What to produce: Only one stretch of the records below should be repeated. It starts with the line containing "7, Mere Lane, Leicester LE7 3DE" and goes on through the line containing "最新研究成果改进闪蒸干燥设备性能的方法探讨", exactly as written.

Exercise data:
____________

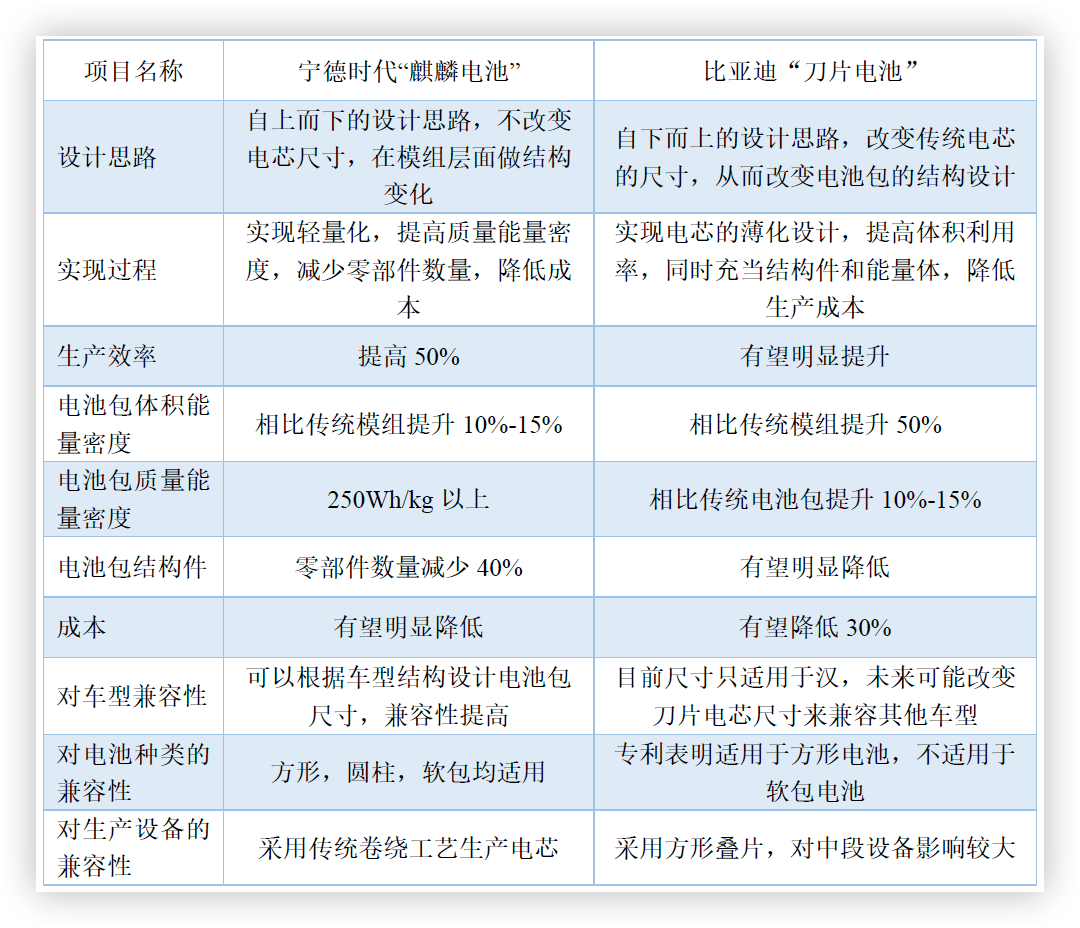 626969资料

____________

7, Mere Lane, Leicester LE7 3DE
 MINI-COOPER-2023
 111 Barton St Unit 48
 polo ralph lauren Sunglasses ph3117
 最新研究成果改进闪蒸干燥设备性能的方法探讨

____________

Solution to the exercise:
7, Mere Lane, Leicester LE7 3DE
 MINI-COOPER-2023
 111 Barton St Unit 48
 polo ralph lauren Sunglasses ph3117
 最新研究成果改进闪蒸干燥设备性能的方法探讨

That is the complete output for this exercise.